- **Assigned task**: Print the line containing "Amoretu Summer Sleeveless" and all lines after it, unchanged, through the end of the data. Leave the pictures out.

[Captioned web image data]
***
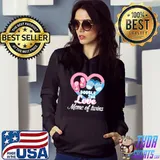 Double The Love Meme Of Twins Heart Pink And Blue Baby Shoes T-Shirt Hoodie
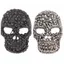 WEETW Halloween Skeleton Thổ Cẩm, Hợp Kim Kẽm Kim Cương Giả Retro Đầu Lâu Pin, Vintage Sáng Ma Quái Phong Cách Punk Gothic Đầu Lâu Huy Hiệu Ve Áo Pin Tiệc Halloween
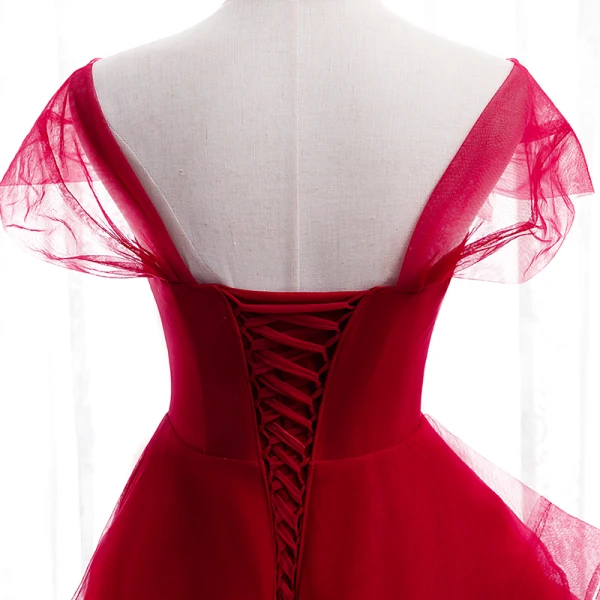Chic / Belle Rouge Dansant Robe De Bal 2020 Princesse Encolure Carrée Sans Manches Appliques En Dentelle Perlage Longue Volants Dos Nu Robe De Ceremonie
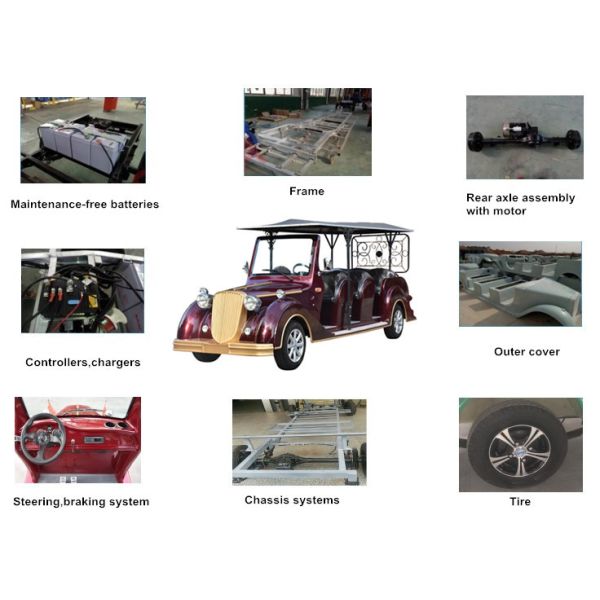 Осмотр достопримечательностей 11 автомобиль мест электрический винтажный с CE тела коррозионной устойчивости одобрил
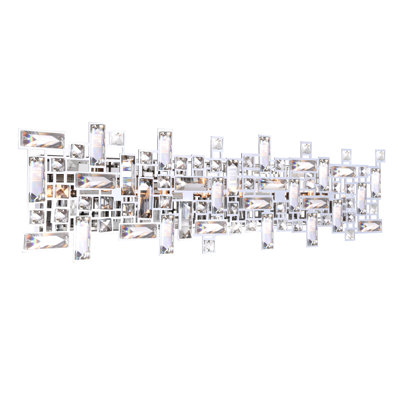 Éclairage pour meuble-lavabo chromé 30 po pour salle de bain, salon - applique horizontale 8 lumières avec base G9 - Compatible avec DEL, panneaux de cristal superposés - Certifié BACL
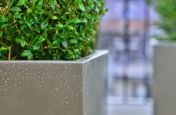 Powder Coated Steel Planters in Pearl Mouse Grey On Garden Terrace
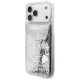 Guess Liq. Glitter 4 Charms dėklas, skirtas iPhone 17 Pro Max, sidabrinis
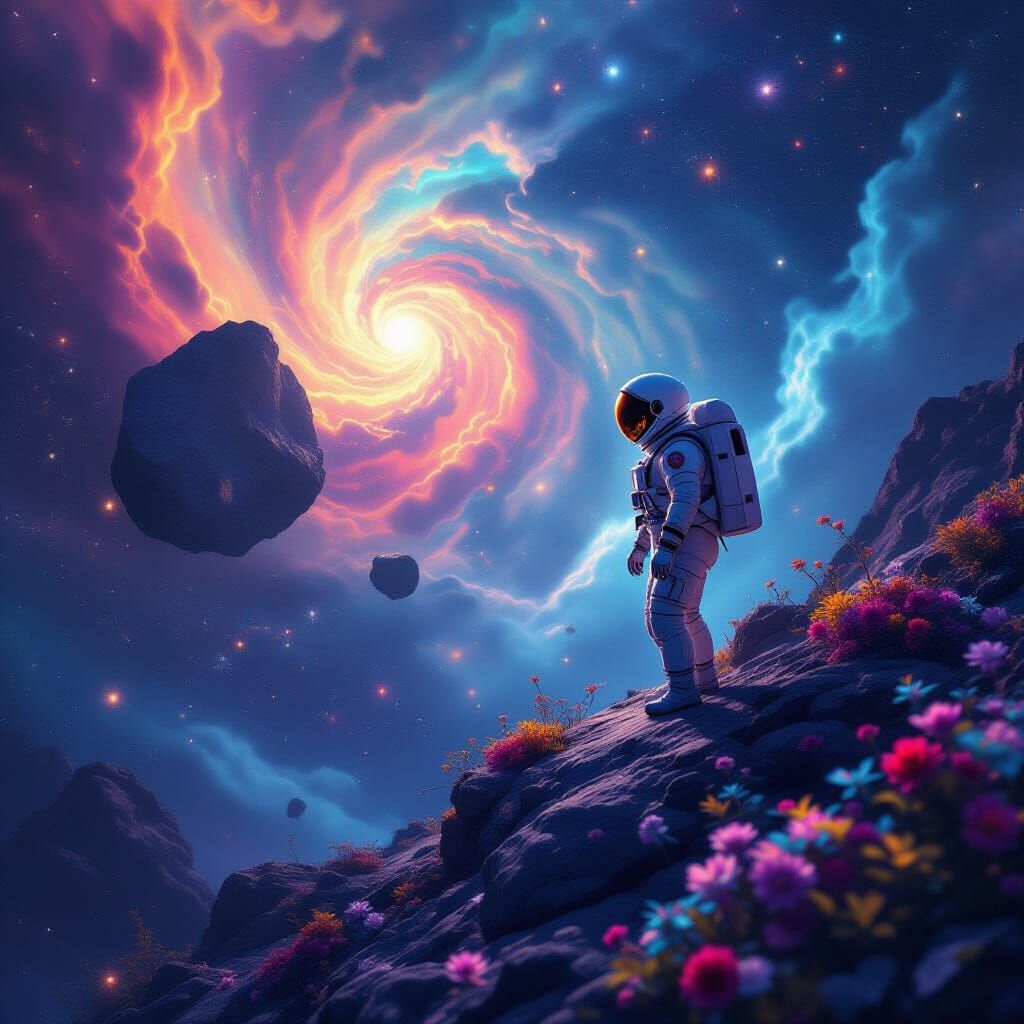 Astronaut Adrift in Cosmic Ocean with Bioluminescent Flora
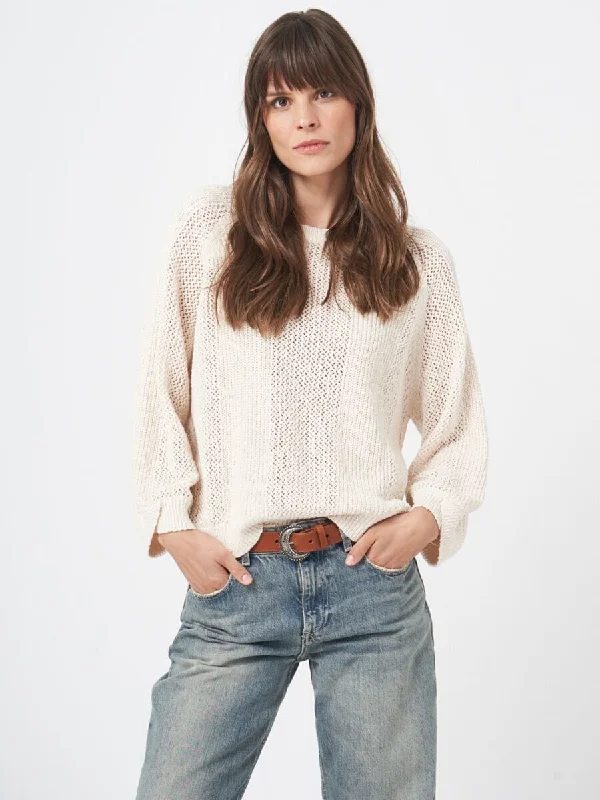Pure Cotton Open Knit Sweater Cream Hooded Caped Shawl Collar
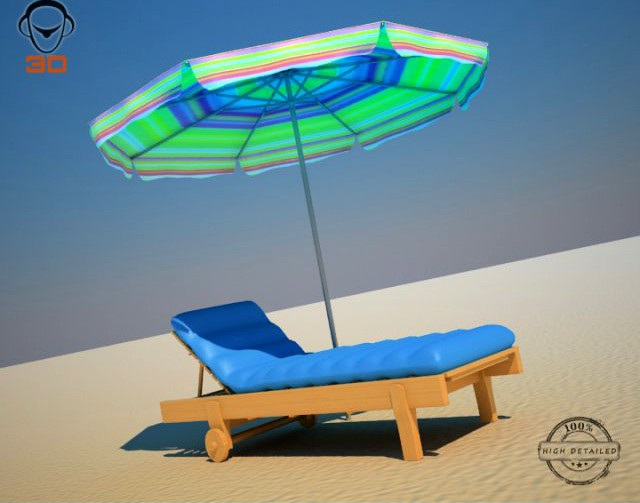 Beach Chair Umbrella 3D Model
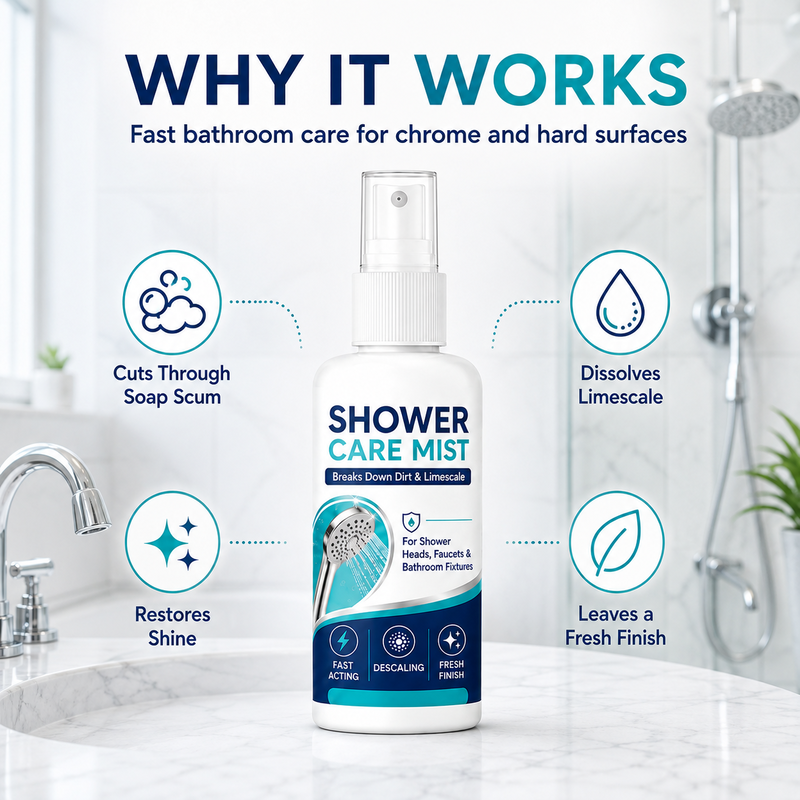 🚿✨Fast-Acting Shower Limescale Remover Spray, Cleans Hard Water Stains 🧼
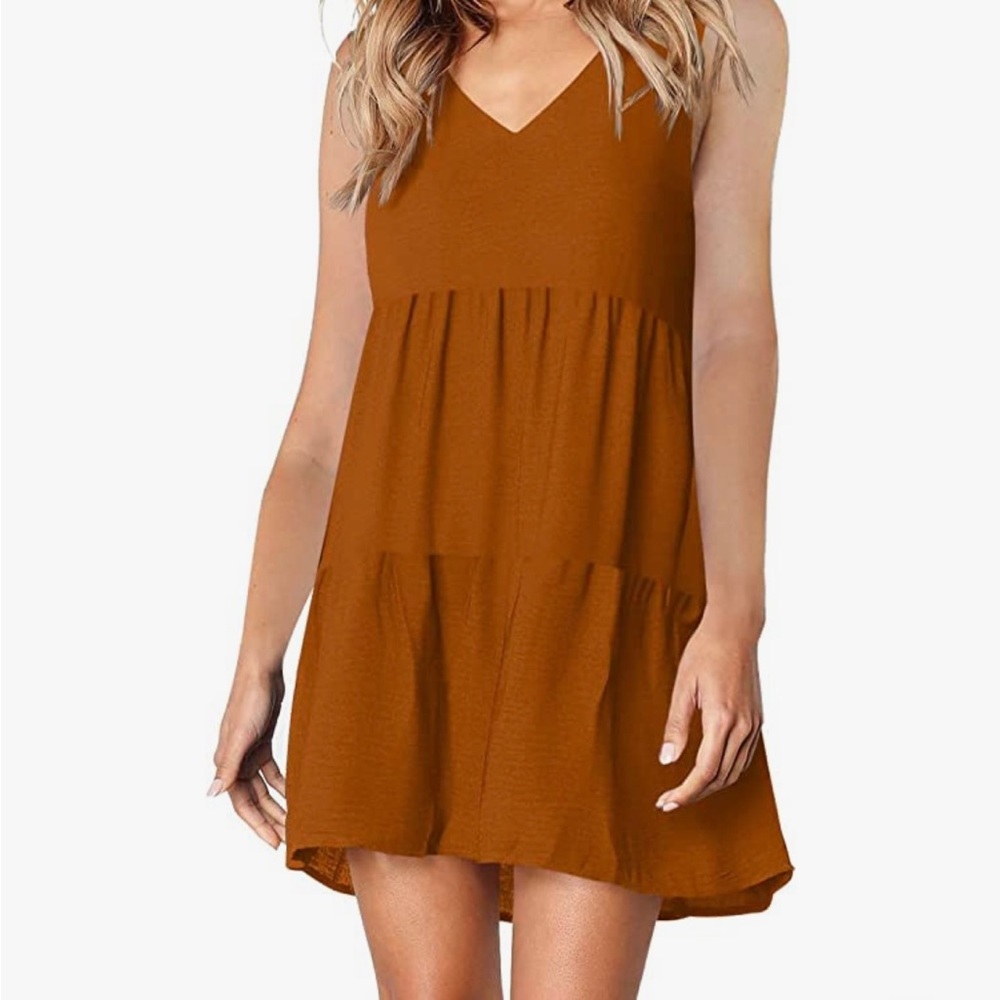 Amoretu Summer Sleeveless Dress for Women V Cover Up T-Shirt Dresses Caramel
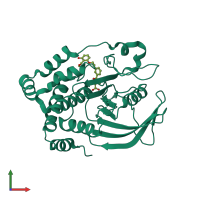 PDB entry 1xbo coloured by chain, front view.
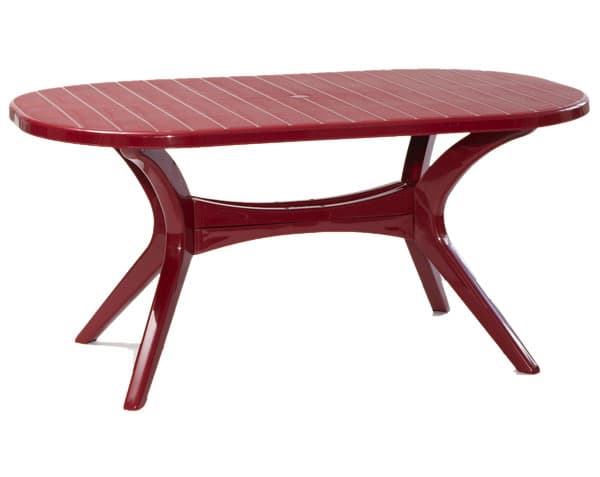 Steiner Lyon ovalni plastični sto bordo boje 150x90 802444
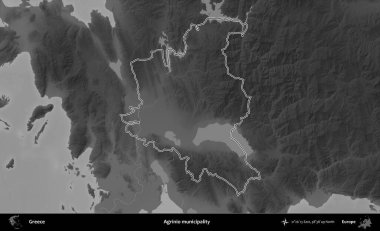 Agrinio belediyesi. Yunanistan 'ın idari bölgesi gri ölçekli bir yükselme haritasında özetlendi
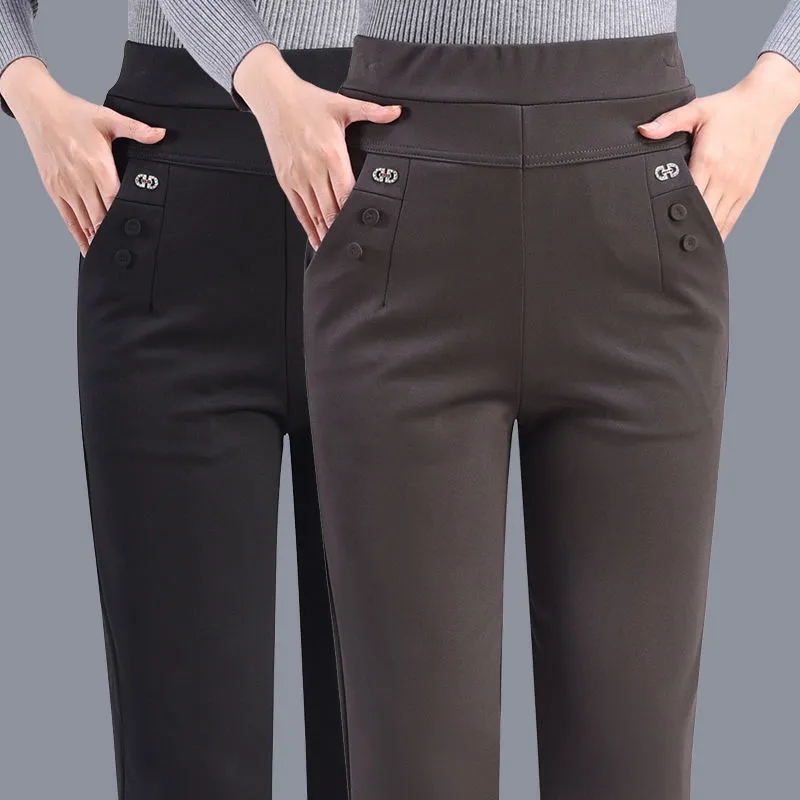New Autumn Winter Women's Pants Add Velevt Mother Pants Elastic High Waist Casual Women Trousers Loose Straight Black Pants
***
- **Exercise response**:
 Amoretu Summer Sleeveless Dress for Women V Cover Up T-Shirt Dresses Caramel
 PDB entry 1xbo coloured by chain, front view.
 Steiner Lyon ovalni plastični sto bordo boje 150x90 802444
 Agrinio belediyesi. Yunanistan 'ın idari bölgesi gri ölçekli bir yükselme haritasında özetlendi
New Autumn Winter Women's Pants Add Velevt Mother Pants Elastic High Waist Casual Women Trousers Loose Straight Black Pants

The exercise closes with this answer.